The statute at issue here, Massachusetts's simple assault and battery statute3 , covers multiple offenses. Specifically, the statute encompasses three types of battery: (1) harmful battery; (2) offensive battery; and (3) reckless battery.4 Commonwealth v. Boyd, 897 N.E.2d 71, 76 (Mass.App.Ct.2008). So far, we have held only that the first of these three types, harmful battery, qualifies as a violent felony under the ACCA. See, e.g., Rivera, 562 F.3d at 1.
Because the assault and battery statute covers multiple offenses, a sentencing court's first task is to identify which battery offense served as the offense of conviction. Mangos involved this aspect of the categorical approach. In Mangos, the district court relied on the defendant's prior conviction under Massachusetts's assault and battery statute when sentencing him as a career offender. 134 F.3d at 463. Mangos appealed his sentence, arguing that, because it was unclear which battery offense he had been convicted of, his conviction could not serve as a predicate offense.

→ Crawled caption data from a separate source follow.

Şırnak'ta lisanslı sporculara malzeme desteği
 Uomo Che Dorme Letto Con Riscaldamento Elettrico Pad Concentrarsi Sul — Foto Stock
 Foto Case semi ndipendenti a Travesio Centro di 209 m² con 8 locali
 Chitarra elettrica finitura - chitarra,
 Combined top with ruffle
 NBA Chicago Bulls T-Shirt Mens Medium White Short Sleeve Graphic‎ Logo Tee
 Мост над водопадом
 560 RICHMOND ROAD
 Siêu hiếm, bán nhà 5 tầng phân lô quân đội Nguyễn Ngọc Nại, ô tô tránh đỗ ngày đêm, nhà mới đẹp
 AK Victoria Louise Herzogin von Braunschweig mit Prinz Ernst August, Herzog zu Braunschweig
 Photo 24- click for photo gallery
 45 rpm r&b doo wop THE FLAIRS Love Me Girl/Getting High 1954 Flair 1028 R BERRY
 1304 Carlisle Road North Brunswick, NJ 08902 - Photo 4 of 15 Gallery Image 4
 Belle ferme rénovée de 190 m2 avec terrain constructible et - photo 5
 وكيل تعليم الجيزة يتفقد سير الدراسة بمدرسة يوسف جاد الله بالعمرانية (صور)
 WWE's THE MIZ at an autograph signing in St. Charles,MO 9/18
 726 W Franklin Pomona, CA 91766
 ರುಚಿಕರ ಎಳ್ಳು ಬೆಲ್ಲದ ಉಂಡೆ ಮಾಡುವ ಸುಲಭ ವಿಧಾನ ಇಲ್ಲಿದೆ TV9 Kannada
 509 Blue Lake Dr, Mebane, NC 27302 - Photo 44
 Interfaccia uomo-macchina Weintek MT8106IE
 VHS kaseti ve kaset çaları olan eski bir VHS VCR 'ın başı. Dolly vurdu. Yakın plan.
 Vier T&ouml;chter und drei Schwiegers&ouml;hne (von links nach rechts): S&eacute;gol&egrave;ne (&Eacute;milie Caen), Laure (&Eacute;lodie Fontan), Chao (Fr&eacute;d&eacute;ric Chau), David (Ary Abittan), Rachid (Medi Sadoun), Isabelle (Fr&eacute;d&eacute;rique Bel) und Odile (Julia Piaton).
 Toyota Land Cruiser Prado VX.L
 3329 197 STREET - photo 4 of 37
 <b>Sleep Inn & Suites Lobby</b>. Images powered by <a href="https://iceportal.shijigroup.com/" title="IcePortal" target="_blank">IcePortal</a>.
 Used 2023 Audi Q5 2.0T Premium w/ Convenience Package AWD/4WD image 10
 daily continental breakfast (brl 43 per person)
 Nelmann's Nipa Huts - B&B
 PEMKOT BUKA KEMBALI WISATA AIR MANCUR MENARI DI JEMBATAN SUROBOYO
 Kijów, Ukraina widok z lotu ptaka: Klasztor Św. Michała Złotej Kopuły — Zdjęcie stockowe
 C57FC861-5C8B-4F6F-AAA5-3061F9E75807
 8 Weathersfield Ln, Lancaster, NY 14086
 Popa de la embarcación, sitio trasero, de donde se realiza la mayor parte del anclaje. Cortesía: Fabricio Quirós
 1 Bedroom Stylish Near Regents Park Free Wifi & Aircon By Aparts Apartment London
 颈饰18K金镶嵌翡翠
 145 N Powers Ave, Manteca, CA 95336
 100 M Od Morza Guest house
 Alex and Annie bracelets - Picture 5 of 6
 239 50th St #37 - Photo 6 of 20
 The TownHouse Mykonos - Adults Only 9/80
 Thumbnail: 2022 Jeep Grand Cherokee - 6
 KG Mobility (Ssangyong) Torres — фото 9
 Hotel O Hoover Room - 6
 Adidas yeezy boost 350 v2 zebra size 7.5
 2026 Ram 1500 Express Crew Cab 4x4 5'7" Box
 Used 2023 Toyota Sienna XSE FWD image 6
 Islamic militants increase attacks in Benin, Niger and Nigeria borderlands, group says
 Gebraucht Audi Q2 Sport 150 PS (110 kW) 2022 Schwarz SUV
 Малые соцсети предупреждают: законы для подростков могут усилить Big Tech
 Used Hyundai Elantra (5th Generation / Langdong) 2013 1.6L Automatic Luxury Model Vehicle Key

Id. We rejected the premise of his argument, explaining that the indictment in his case, which charged that he “did assault and beat” his victim, sufficed to identify the offense of conviction as “harmful battery,” a crime of violence. Id. at 464. In reaching this conclusion, “we interpreted the charging language in the most reasonable sense-that ‘the assault amounted to a beating’ of the victim.” Holloway, 499 F.3d at 118. After Mangos, the rule in this circuit was straightforward: “did assault and beat” charging language suffices to identify the harmful brand of battery for purposes of sentencing under either the ACCA or the career offender provision of the U.S. Sentencing Guidelines. Rivera, 562 F.3d at 2; Holloway, 499 F.3d at 118; Estevez, 419 F.3d at 82; Santos, 363 F.3d at 23.
B. Issues on appeal
The appellants argue that our prior interpretation of the Massachusetts charging language has been undermined by Johnson. In their view, Johnson requires that we must consider how the charging language is interpreted under state law rather than impose our own construction upon it. We agree.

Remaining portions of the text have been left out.